Landing in Korea

Screen Shot 2015-08-25 at 12.23.32 AMAs a person who lived in the future I couldn’t remember a time in my life when I wasn’t plotting my next move or setting my newest goal. At the age of nine I started imagining my dreams for the future, and over the next 14 years every decision I made had been with that life plan in mind. I had gotten into my ideal college,  graduated with the degree I had intended upon, and managed to land a few internships which gave me all of the experience I could have asked for in order to fall seamlessly into my dream job the Monday after I moved the tassel on my cap from right to left.

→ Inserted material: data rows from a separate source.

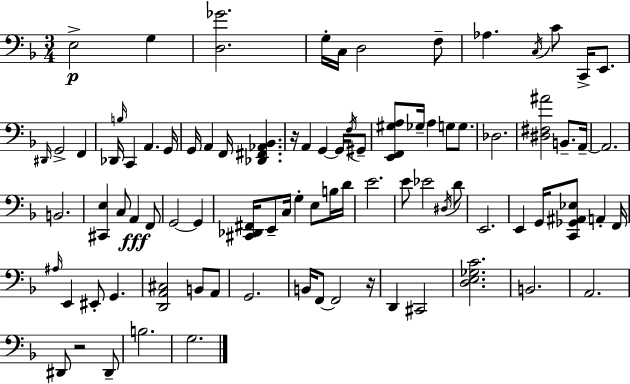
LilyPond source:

{
  \clef bass
  \numericTimeSignature
  \time 3/4
  \key f \major
  \repeat volta 2 { e2->\p g4 | <d ges'>2. | g16-. c16 d2 f8-- | aes4. \acciaccatura { c16 } c'8 c,16-> e,8. | \break \grace { dis,16 } g,2-> f,4 | des,16 \grace { b16 } c,4 a,4. | g,16 g,16 a,4 f,16 <des, fis, aes, bes,>4. | r16 a,4 g,4~~ | \break g,16 \acciaccatura { f16 } gis,8-- <e, f, gis a>8 ges16-- a4 g8 | g8. des2. | <dis fis ais'>2 | b,8.-- a,16--~~ a,2. | \break b,2. | <cis, e>4 c8 a,4\fff | f,8 g,2~~ | g,4 <cis, des, fis,>16 e,8-- c16 g4-. | \break e8 b16 d'16 e'2. | e'8 ees'2 | \acciaccatura { dis16 } d'8 e,2. | e,4 g,16 <c, ges, ais, ees>8 | \break a,4-. f,16 \grace { ais16 } e,4 eis,8-. | g,4. <d, a, cis>2 | b,8 a,8 g,2. | b,16 f,8~~ f,2 | \break r16 d,4 cis,2 | <d e ges c'>2. | b,2. | a,2. | \break dis,8 r2 | dis,8-- b2. | g2. | } \bar "|."
} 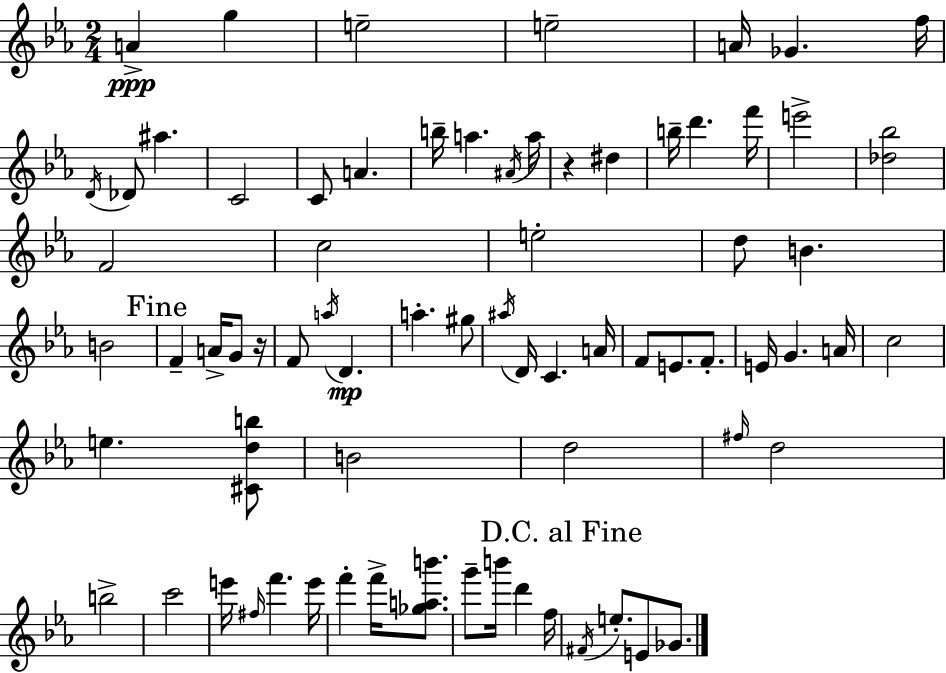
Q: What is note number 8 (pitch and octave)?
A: D4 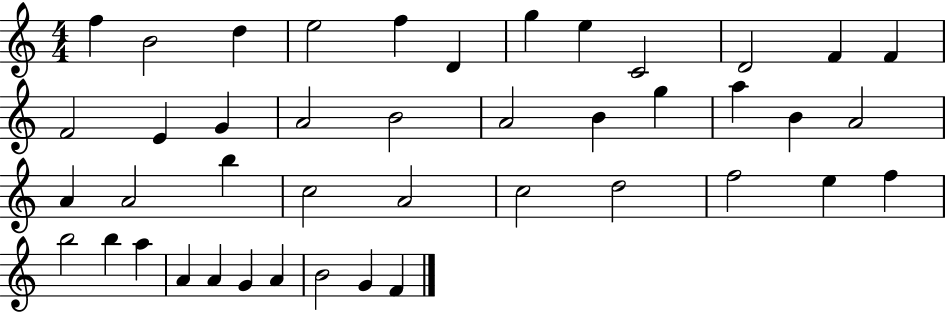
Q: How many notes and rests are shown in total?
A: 43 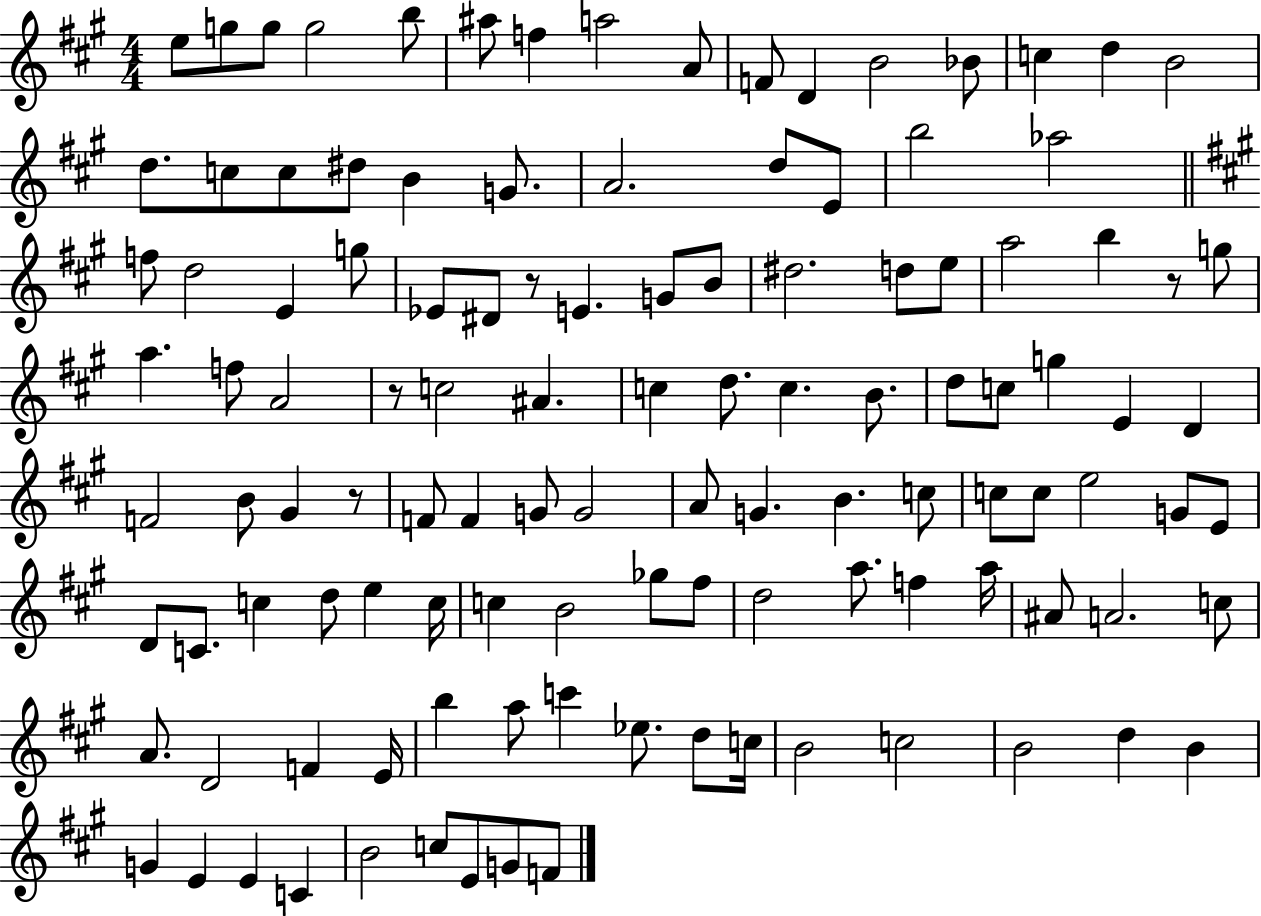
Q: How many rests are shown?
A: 4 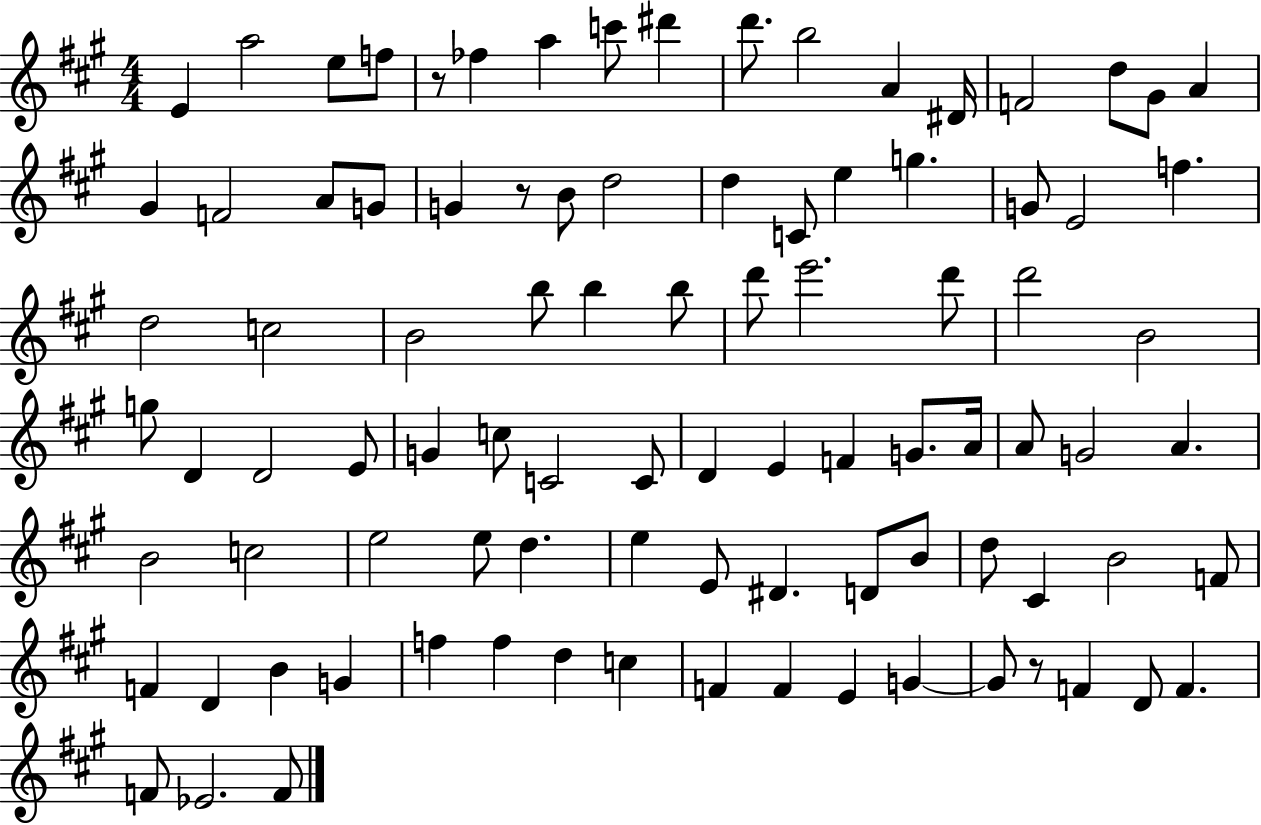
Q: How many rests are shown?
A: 3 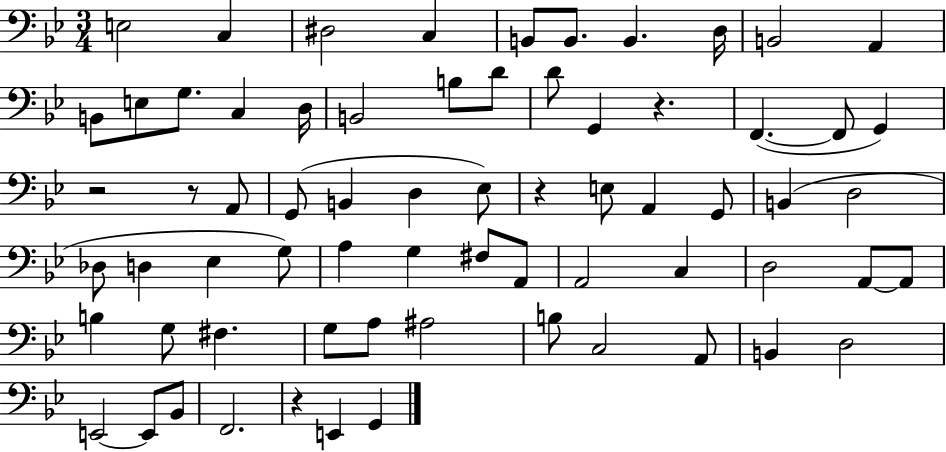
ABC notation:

X:1
T:Untitled
M:3/4
L:1/4
K:Bb
E,2 C, ^D,2 C, B,,/2 B,,/2 B,, D,/4 B,,2 A,, B,,/2 E,/2 G,/2 C, D,/4 B,,2 B,/2 D/2 D/2 G,, z F,, F,,/2 G,, z2 z/2 A,,/2 G,,/2 B,, D, _E,/2 z E,/2 A,, G,,/2 B,, D,2 _D,/2 D, _E, G,/2 A, G, ^F,/2 A,,/2 A,,2 C, D,2 A,,/2 A,,/2 B, G,/2 ^F, G,/2 A,/2 ^A,2 B,/2 C,2 A,,/2 B,, D,2 E,,2 E,,/2 _B,,/2 F,,2 z E,, G,, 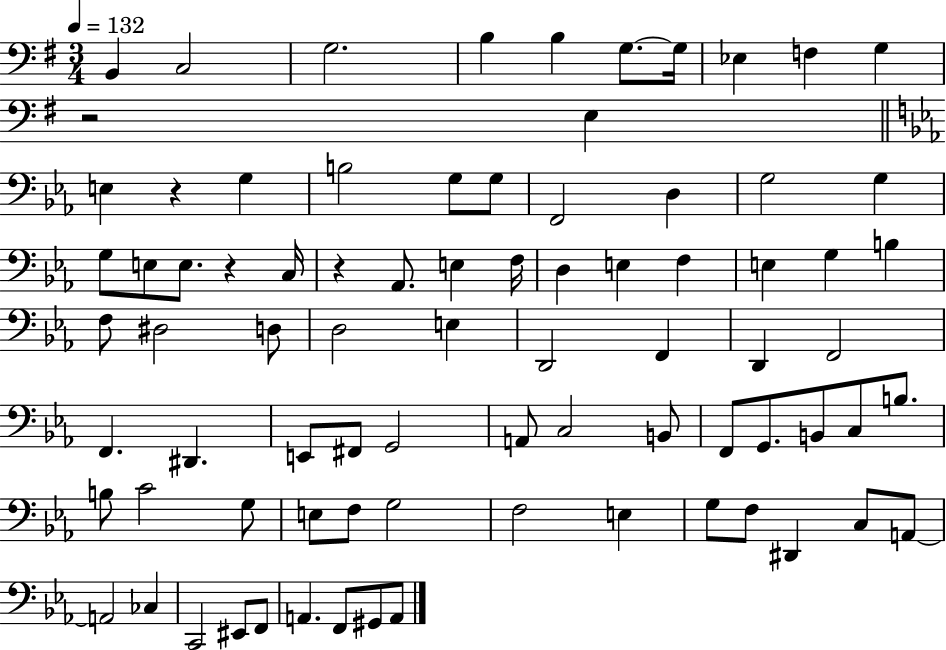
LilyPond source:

{
  \clef bass
  \numericTimeSignature
  \time 3/4
  \key g \major
  \tempo 4 = 132
  b,4 c2 | g2. | b4 b4 g8.~~ g16 | ees4 f4 g4 | \break r2 e4 | \bar "||" \break \key c \minor e4 r4 g4 | b2 g8 g8 | f,2 d4 | g2 g4 | \break g8 e8 e8. r4 c16 | r4 aes,8. e4 f16 | d4 e4 f4 | e4 g4 b4 | \break f8 dis2 d8 | d2 e4 | d,2 f,4 | d,4 f,2 | \break f,4. dis,4. | e,8 fis,8 g,2 | a,8 c2 b,8 | f,8 g,8. b,8 c8 b8. | \break b8 c'2 g8 | e8 f8 g2 | f2 e4 | g8 f8 dis,4 c8 a,8~~ | \break a,2 ces4 | c,2 eis,8 f,8 | a,4. f,8 gis,8 a,8 | \bar "|."
}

Let me elaborate when I say dream job. As a senior in high school I wrote in a paper that my dream job once graduating college would be working as an assistant for a boutique luxury wedding and event planning firm in Chicago, ideally with four to five seasoned planners. Four years later, and exactly 13 days before my graduation, I was offered a position as the studio manager for one of the foremost luxury wedding and event planning companies in Chicago. And there were precisely five senior event planners at that time. 

I couldn’t have planned it any better.

About a year later, I found myself at the age of 23 truly living the life I had daydreamed about as a nine year old girl. A prospering career working with, and learning from, the most amazing people, absorbing all of the information I could, in an industry that I loved, the sweetest little apartment in a prime post-grad neighborhood, great friends within walking distance, and a loving family just about an hour away. My perfectly planned, and meticulously curated, reality.

I am not, by nature, a risk taker or a rule breaker.  So why then was I so tempted to press pause on my career and uproot myself to move across the world to do something I’ve never done before? Why was I unraveling the perfect plan that so many girls in their early 20’s would have died for? It was a life changing combination of a quarter life crisis and a taste of wanderlust.

And so, there I went. A traditional girl breaking all of her own rules, trusting a gut instinct and simply saying, “hey, why not”. Since the day I arrived in Korea just over a year ago, two oversized suitcases in hand, I haven’t looked back. While I’m sure I’ll be hopping back into my traditional life in the not so distant future, I’m excited to see where these few years of adventure take me.